Srimad Bhagavad Gita -Ramanujacharya 1

Srimad Bhagavad Gita -Ramanujacharya

Chapter-1 : Arjuna Vishad Yoga

Arjuna's Grief



yat padāmbhoruha dhyāna vidhvasta śeṣa kalmaṣaḥ
vastutām upayāto'ham yāmuneyam namāmi tam

I bow to the renowned Yamunacharya; by meditating upon whose lotus-like feet all my mental obstacles without exception were absolved, and I was thus led to enlightenment.

The Nature of The Supreme Being

Nārāyaṇa is the Consort of Sri, He is absolutely auspicious and is the antithesis of all that is evil. His essential nature consists of Being (sat), Consciousness (cit) and Bliss (ānanda) and these characteristics distinguish Him from all other beings. He is veritably a great ocean of innumerable auspicious attributes which are intrinsic to His nature and cannot be surpassed — some of them being; omniscience, omnipotence, sovereignty, energy, creative- potency and glory.
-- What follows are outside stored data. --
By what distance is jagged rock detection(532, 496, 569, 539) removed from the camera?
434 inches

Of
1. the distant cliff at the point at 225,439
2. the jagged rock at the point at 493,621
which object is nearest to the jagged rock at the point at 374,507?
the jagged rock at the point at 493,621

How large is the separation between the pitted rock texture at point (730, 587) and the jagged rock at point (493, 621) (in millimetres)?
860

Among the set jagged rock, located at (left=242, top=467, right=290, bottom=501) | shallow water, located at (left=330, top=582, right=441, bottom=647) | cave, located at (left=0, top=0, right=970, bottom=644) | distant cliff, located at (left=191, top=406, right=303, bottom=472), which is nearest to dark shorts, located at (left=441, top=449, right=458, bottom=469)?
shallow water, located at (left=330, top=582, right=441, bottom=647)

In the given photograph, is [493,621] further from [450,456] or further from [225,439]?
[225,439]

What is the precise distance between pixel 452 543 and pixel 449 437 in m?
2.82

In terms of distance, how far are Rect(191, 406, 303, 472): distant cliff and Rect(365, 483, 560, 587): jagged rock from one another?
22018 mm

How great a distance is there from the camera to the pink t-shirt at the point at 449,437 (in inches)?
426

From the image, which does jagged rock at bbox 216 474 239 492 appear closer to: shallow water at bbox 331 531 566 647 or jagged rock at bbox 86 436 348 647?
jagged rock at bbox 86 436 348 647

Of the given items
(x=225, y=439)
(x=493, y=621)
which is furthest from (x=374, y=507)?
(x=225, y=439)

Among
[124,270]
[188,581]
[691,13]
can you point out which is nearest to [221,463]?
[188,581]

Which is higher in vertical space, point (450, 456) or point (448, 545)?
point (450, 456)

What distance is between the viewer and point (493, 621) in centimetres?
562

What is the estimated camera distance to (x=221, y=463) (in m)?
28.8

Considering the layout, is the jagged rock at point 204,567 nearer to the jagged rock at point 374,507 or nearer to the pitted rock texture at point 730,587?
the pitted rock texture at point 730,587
Nārāyaṇa has a divine form, which is both pleasing and appropriate. His form is inconceivable, indescribable, [1] divine, eternal and immaculate. He is a repository of limitless perfections such as radiance, beauty, fragrance, tenderness, pervading sweetness and youthfulness. The Lord is adorned with suitable divine ornaments which are diverse, infinite, amazing, eternal, flawless, unlimited and holy.
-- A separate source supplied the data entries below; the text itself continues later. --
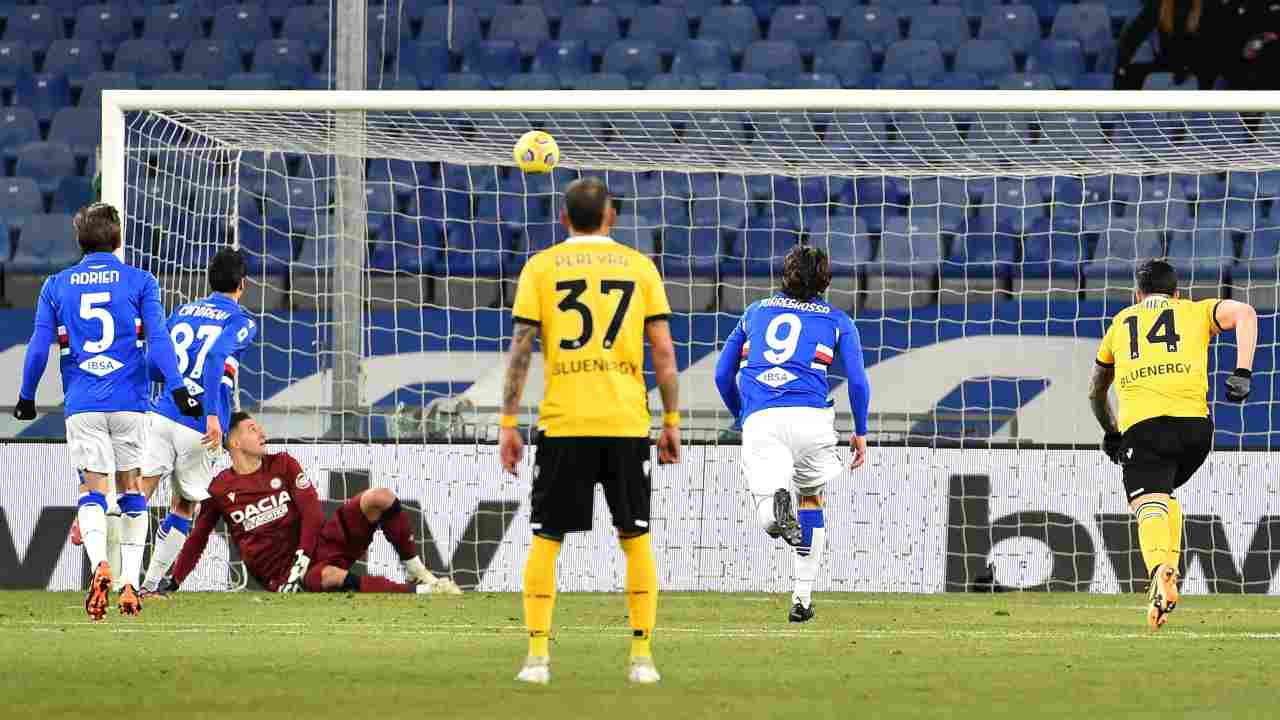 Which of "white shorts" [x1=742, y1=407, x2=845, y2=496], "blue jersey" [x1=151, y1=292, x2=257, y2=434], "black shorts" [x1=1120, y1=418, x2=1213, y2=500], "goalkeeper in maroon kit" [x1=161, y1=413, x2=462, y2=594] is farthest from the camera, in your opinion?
"goalkeeper in maroon kit" [x1=161, y1=413, x2=462, y2=594]

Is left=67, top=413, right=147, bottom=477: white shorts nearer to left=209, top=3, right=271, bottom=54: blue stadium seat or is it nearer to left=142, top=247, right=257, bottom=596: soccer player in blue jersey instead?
left=142, top=247, right=257, bottom=596: soccer player in blue jersey

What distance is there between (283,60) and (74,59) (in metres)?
2.45

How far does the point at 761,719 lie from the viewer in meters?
5.69

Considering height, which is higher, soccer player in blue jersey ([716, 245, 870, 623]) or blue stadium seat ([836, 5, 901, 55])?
blue stadium seat ([836, 5, 901, 55])

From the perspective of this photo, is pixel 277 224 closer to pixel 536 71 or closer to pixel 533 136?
pixel 536 71

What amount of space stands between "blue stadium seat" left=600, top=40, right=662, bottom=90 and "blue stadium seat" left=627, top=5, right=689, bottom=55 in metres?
0.41

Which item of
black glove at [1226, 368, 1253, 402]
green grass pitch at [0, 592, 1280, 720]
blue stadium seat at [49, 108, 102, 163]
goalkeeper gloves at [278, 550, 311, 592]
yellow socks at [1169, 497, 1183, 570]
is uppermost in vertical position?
blue stadium seat at [49, 108, 102, 163]

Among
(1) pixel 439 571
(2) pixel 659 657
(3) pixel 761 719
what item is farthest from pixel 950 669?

Śrīman Nārāyaṇa possesses appropriate divine weapons. They are countless, of fantastic potency, eternal, impeccable and matchlessly auspicious. He is the Beloved of Śrī, whose eternal and immaculate nature, attributes, glory, sovereignty and virtues, unsurpassed and countless, are all agreeable and worthy of Him. The feet of the Lord are constantly adored by countless numbers of perfected beings (Suris) whose nature, existence and activities are in accordance with His will and whose numerous qualities such as knowledge, action and glory are eternal, impeccable and unsurpassed. All of these beings work joyously in complete subservience to Śrīman Nārāyaṇa.


References and Context

  1. All the Scriptures state that the Supreme reality is “Inconceivable” therefore every description given subsequentlyneeds to be understood as an approximation (arthavāda) in order to glorify that Supreme reality and not a definitive theological statement.